Courtesy of A Broad, Green Pictures
The Toronto International Film Festival’s Midnight Madness programme kicks off with rockers vs white supremacists drama, Green Room.
Let’s bitch it out…
One of last year’s best dramas, gritty revenge flick Blue Ruin, was an unexpected delight in part because director Jeremy Saulnier took a relatively threadbare premise and turned it into something fresh, vibrant and extremely well executed. Green Room is just as technically proficient – it has a great grim feel to it and the action is just as brisk and visceral – but this new film lacks the intimacy that made Saulnier’s breakthrough so memorable. If nothing else, Green Room feels a little too familiar, especially if you’re a genre fan who is used to seeing characters die in brutal fashion.
The film trades in familiar exposition, as well as genre tropes. A van of down on their luck rock musicians, the Ain’t Rights, seemingly catch a break when they book the opening act at a roadhouse in the middle of nowhere. They’re aware that their audience falls closer to the neo-nazi end of the spectrum, but they’re financially hard up and even manage to take the piss out of the audience with their opening cover of Dead Kennedy’s ‘Nazi Punks Fuck Off’. The show goes off without a hitch, they nab their $350 and are on their way out when a last minute visit to the titular green room to grab a forgotten cell phone exposes a homicide. From that point on the band is held prisoner in the waiting room, forced to fend for their lives over the course of a very long, bloody night.

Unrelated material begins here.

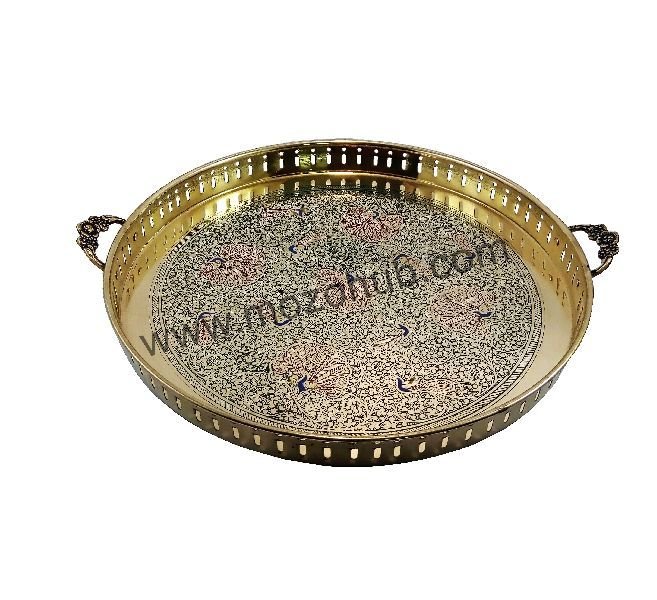 Brass Round Tray 01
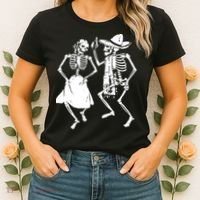 Skeletons Dancing Day Of Dead Dia De Los Muertos Halloween Party Skeleton Women's T-Shirt thumb 2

That last point is part of the reason that the film doesn’t quite work. In Blue Ruin, there was only one lead character (Saulnier-regular Macon Blair, who shows up here as the club manager) and the film unfolded over several days. By expanding the core cast to four band members – Pat (Anton Yelchin), Sam (Alia Shawkat), Reese (Joe Cole), Tiger (Callum Turner) – plus witness Amber (Imogen Poots) and trying to pack the action into one intense night, none of the characters are developed or have a chance to grow. It’s long been a challenge for horror films that adopt this narrative structure; often character backstories are front-loaded in the early part of the film to try and generate audience goodwill when they are inevitably cut down later on (in this case by machetes, knives, shotguns and, in two occasions, pitbulls). Unfortunately despite Saulnier and his casts’ best efforts, the characters remain relatively 1-dimensional.
The same issues plague the antagonists, lead by clubowner Darcy (Patrick Stewart – underselling the menace to good effect) and his gang of red-laced goons. Their motivations are paper-thin – keep the band occupied until they can be disposed of in a easy-to-explain fashion. The suggestion of a white supremacist movement and an illegal drug operation are introduced but ultimately fail to develop into anything substantial. Add to this some issues with pacing and you have a final act that not only feels mildly anticlimatic but also drags a bit.
At its core, Green Room is a well-crafted thriller that sporadically leans heavily on the same unexpected and visceral bloodshed that Saulnier has brought to his previous films. The dry humour, especially Poots and Yelchin’s deadpan delivery under the more dire of circumstances, brings a nice levity that cuts through the tension to surprisingly humourous results. For fans of the horror genre, this is a solid, well-constructed entry that delivers the goods. For fans of Saulnier hoping for him to build and expand on the potential exhibited in Blue Ruin, this is probably a bit too threadbare and workman-like to fully satisfy. It’s not a bad film, but it could have been better.
Green Room continues to play at various film festivals, including Quebec City, Vancouver and London, UK over the next month.